На ком лежит вина за эту войну?

— В первую очередь на Путине, потому что он отдал приказ. На всем правительственном аппарате, который эти приказы исполняет. На всех тех, кто как-либо способствовал многолетнему формированию ксенофобной политики в России и Советском Союзе, в том числе легализации политического русско-националистического курса. На СМИ, которые постоянно выпячивали нерусскую национальность в криминальных сводках. На людях, которые могли влиять на формирование общественного мнения и делали это с максимально ксенофобной стороны.

Почему люди так легко верят пропаганде?

— Мне кажется, потому что у нас не было нормальных институтов образования, которые развивали бы критическое мышление и практику гражданской осознанности, а ещё выражали бы гражданскую позицию. Большую часть времени было ужасно тяжело: гражданская война, коллективизация, репрессии, гулаги, 90-е. Многим людям, особенно живущим далеко от центра — а чем дальше от центра, тем хуже — было сложно думать о таких вещах. Каждый день нужно было просто находить деньги на то, чтобы прокормить детей. Я говорю это потому, что выросла в тувинском контексте, я видела много таких семей, к сожалению. Я не хочу сказать, что все они верят пропаганде, потому что у них сложная жизнь, но мне кажется, что пропаганде гораздо сложнее противостоять, когда у тебя настолько сложная жизнь. Тут можно задаваться вопросом, почему же такая сложная жизнь, и это тоже очень колониальная история.

Война надолго?

— Я думаю, что да. У Путина еще много пушечного мяса, много рычагов давления. Западные политики и политикессы очень его боятся из-за угрозы ядерной кнопкой. Люди в России очень боятся, потому что силовая структура хорошо функционирует, очень много бандитизма, пережитков 90-х и мафии. Но, возможно, я так думаю для того, чтобы справляться с этой ситуацией и понимать, что активизм — это марафон, и нужно заранее готовиться к очень долгой борьбе.
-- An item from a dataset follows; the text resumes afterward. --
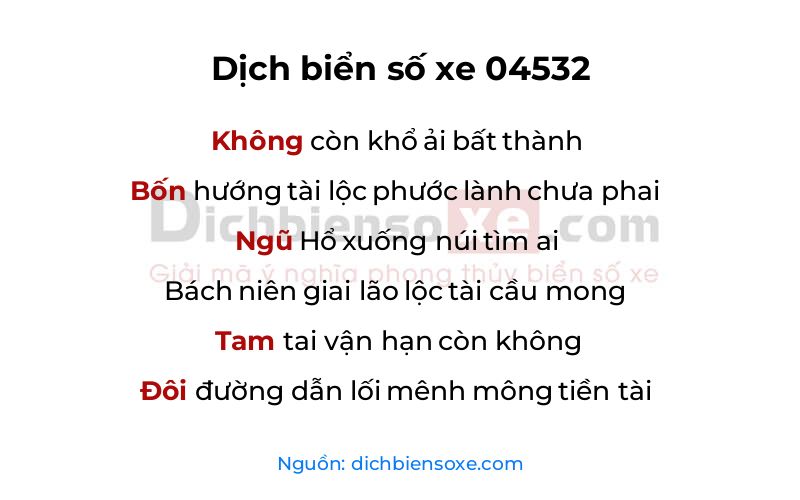 Dịch thơ biển số 04532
Что могут сделать все — уехавшие, оставшиеся россияне, европейские политики, чтобы война быстрее закончилась?

— Я уверена, что война закончится быстрее, только если Украину будут лучше и больше вооружать. Активизм войну не остановит. Но также я знаю, что у активизма нет цели остановить войну. Активисты и активистки работают на истощение кремлевского аппарата, делают из сомневающихся людей антивоенных, поддерживают тех, кто остался в России, помогают формулировать аргументы и доносить их до своих близких, рассказывают про наши республики, которые до этого были максимально бесправными и дискриминированными во всех смыслах, и восстанавливают, в частности, чувство собственного достоинства — правда сейчас я говорю именно про деколониальных активистов и активисток. Надо максимально истощать врага и изнутри, и снаружи.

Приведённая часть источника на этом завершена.